Here's a quote I heard from Jay Leno: " I went into a McDonald's yesterday and said, 'I'd like some fries.' The girl at the counter said, 'Would you like some fries with that?'"

Jon Kabat-Zinn, one of my mentors and my former boss, defines mindfulness as "paying attention, on purpose, in the present moment, without judgment." A big part of paying attention in this way is connected to really hearing, seeing, being with things the way they are, and especially noticing when we fall into the trap of ignoring what people are actually trying to communicate. My day today was filled with discussions with people who were stuck in old patterns of reactivity, and of course my own patterns were triggered by their patterns. We found ourselves in a soup of misunderstandings and confused communication. Some of these folks practice mindfulness, however, and so we gradually found that we could reach some kind of clarity. Working through this together was profoundly connecting. I feel so grateful for being on the planet with people who are willing to wake up to their own expectations, filters and confusion to a shared tenderness and kindness.

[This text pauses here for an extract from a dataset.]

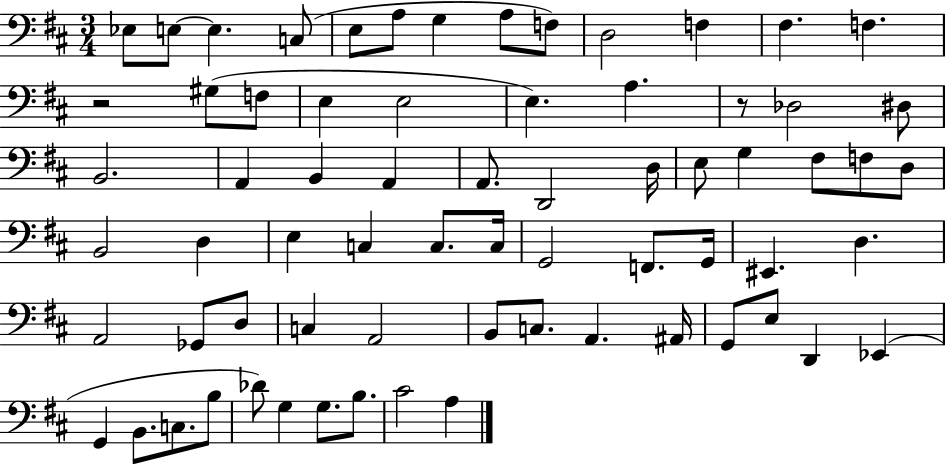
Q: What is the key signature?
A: D major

The three marks of existence go into a bar


The three marks of existence are ways of framing reality. Through paying attention to what arises moment to moment, within the frame of a settled body and mind, we come to understand them as experiences, not as theoretical constructs. The Pali words, used in the early Buddhist sutras, are dukkha, annicca and anatta. Dukkha means unsatisfactoriness, things being out of alignment. (The original meaning comes from the sound a cart makes when one of the wheels is a little bit off-balance: dook, dook, dook.) Annicca is the truth of impermanence, and and anatta is the recognition that there is no fixed self that abides through time. After a talk I gave about the three marks at the Berwick Street Zendo the other night, my husband and fellow teacher David Rynick, and my colleague at the Center for Mindfulness, Florence Meleo-Meyer, came up with this joke:

Dukkha, Annicca and Anatta go into a bar. Dukkha says, "life sucks!" Annicca says, "it won't last." Anatta says, "Are you talking to me?"

Sunday, April 5, 2009

Not backing down


When I'm afraid to show up in any situation, I often find that I'm having a thought like, "if only I could be better or more accomplished than I (believe I) am." And when I do it anyway, I find that what I really needed was not to be the best, but to be fully committed to the moment ... as present as possible. Here's some inspiration along those lines from from Sasha Frere-Jones, in The New Yorker, April 6, 2009, writing about Bono, the lead singer of U2.

"For all his limitations -- he's one of the last vocalists you can imagine making a solo record -- Bono is the only singer who could possibly make U2's music succeed...Bono's voice can sound strained fairly quickly...Bono's gift is the ability to sound utterly immersed in and committed to whatever his band is proposing. He backs down from nothing that the band starts."